Irish consul arrives amid tough times at home

The economic crisis  enveloping Ireland has special significance for one recent Atlanta transplant.

Paul Gleeson, a career diplomat who in August moved to Atlanta to head the just-opened Irish consulate  general here, is charged with, among other things,  promoting his homeland's business interests across the Southeast. It is Ireland's first consulate ever in the South, and the first new one in the U.S. since the 1930s.

Ireland accepted an international financial bailout to help save its banking industry, which was teetering in the wake of bad loans. The debacle is forcing the nation to boost revenue and cut costs, and concerns were raised that its notably business-friendly environment could be hurt.

But Gleeson said American companies with a sizable presence in Ireland, such as Atlanta giants Coca-Cola and UPS, need not worry that some of the factors of greatest importance to business will change.

They include: A  low 12.5 percent corporate tax rate; a skilled labor force; a strong reputation for investing in research and  infrastructure; and, for American companies, a shared language.

"Ireland's always been appealing as an entry point (to Europe) for American companies," said Ric Hubler, director of global business growth, of the Metro Atlanta Chamber.

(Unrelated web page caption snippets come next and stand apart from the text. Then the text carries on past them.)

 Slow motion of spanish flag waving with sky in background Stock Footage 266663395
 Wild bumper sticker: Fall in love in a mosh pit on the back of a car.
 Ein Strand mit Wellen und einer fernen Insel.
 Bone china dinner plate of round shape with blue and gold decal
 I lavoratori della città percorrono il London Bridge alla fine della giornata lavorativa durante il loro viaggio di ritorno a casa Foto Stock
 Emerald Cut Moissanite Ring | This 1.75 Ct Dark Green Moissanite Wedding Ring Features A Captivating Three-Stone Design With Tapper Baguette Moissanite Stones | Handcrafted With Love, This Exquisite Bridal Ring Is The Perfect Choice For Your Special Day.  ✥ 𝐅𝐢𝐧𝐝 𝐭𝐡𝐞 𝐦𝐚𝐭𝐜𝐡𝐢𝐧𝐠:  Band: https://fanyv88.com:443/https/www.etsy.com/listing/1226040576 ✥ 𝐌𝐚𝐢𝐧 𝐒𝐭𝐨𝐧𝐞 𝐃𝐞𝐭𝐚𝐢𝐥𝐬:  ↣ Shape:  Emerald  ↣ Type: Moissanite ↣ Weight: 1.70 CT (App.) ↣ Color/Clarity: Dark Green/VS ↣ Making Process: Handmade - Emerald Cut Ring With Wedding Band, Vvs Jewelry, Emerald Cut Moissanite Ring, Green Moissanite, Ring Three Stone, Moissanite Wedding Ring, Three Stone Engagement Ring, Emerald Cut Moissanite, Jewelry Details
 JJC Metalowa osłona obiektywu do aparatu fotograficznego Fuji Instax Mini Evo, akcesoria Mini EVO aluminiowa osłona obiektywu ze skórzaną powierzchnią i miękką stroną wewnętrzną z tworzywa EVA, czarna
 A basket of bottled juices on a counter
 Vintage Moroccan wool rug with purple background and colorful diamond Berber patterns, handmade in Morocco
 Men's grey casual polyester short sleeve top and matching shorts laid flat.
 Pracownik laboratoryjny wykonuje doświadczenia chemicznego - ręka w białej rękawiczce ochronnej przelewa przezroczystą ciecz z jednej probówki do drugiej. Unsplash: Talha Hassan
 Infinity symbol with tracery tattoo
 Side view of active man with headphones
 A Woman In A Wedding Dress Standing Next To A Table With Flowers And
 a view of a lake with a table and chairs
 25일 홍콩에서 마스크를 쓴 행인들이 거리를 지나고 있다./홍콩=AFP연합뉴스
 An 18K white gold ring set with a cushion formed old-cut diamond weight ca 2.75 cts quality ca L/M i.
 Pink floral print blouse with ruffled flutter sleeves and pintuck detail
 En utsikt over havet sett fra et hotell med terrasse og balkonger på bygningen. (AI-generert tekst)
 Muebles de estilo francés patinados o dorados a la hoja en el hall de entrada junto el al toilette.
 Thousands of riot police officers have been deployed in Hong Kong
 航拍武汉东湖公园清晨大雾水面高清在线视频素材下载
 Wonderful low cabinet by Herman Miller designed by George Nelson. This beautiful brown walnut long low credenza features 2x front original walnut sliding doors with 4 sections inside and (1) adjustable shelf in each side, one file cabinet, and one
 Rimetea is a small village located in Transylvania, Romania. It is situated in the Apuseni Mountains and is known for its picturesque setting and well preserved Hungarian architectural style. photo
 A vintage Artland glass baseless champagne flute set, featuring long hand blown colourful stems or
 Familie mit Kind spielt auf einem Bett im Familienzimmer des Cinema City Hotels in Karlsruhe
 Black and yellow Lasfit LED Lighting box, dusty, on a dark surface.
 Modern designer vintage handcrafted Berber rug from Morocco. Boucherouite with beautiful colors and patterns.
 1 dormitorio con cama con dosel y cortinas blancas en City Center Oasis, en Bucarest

Gleeson called the current corporate tax rate "rock solid" despite worries it might be raised. Irish officials have said they would maintain the current tax rate.

"At the end of the day, what we're saying is that the underlying factors that have made for a very strong economic relationship between Ireland and the U.S.  continue to apply," Gleeson said.

Some issues of importance to businesses have gotten better in Ireland, he added.

"Wage competitiveness has improved hugely," he said. "We had government (worker)  pay cuts of an average of 14 percent already. That has had a big impact on pay cuts in the private sector as well. Companies looking to invest in Ireland are getting much better bang for their buck now."

Besides facilitating business relationships between Ireland the U.S., Gleeson's mission, which has a four-year term, includes promoting tourism and educational opportunities in Ireland.

While the economic crisis has brought Ireland unwanted attention, Gleeson looks forward to a more stable time.

"To some degree we may need for the current saturation (media)  coverage to abate."  Then, he said, "we can restore a little bit of that perspective and a little bit of that calm."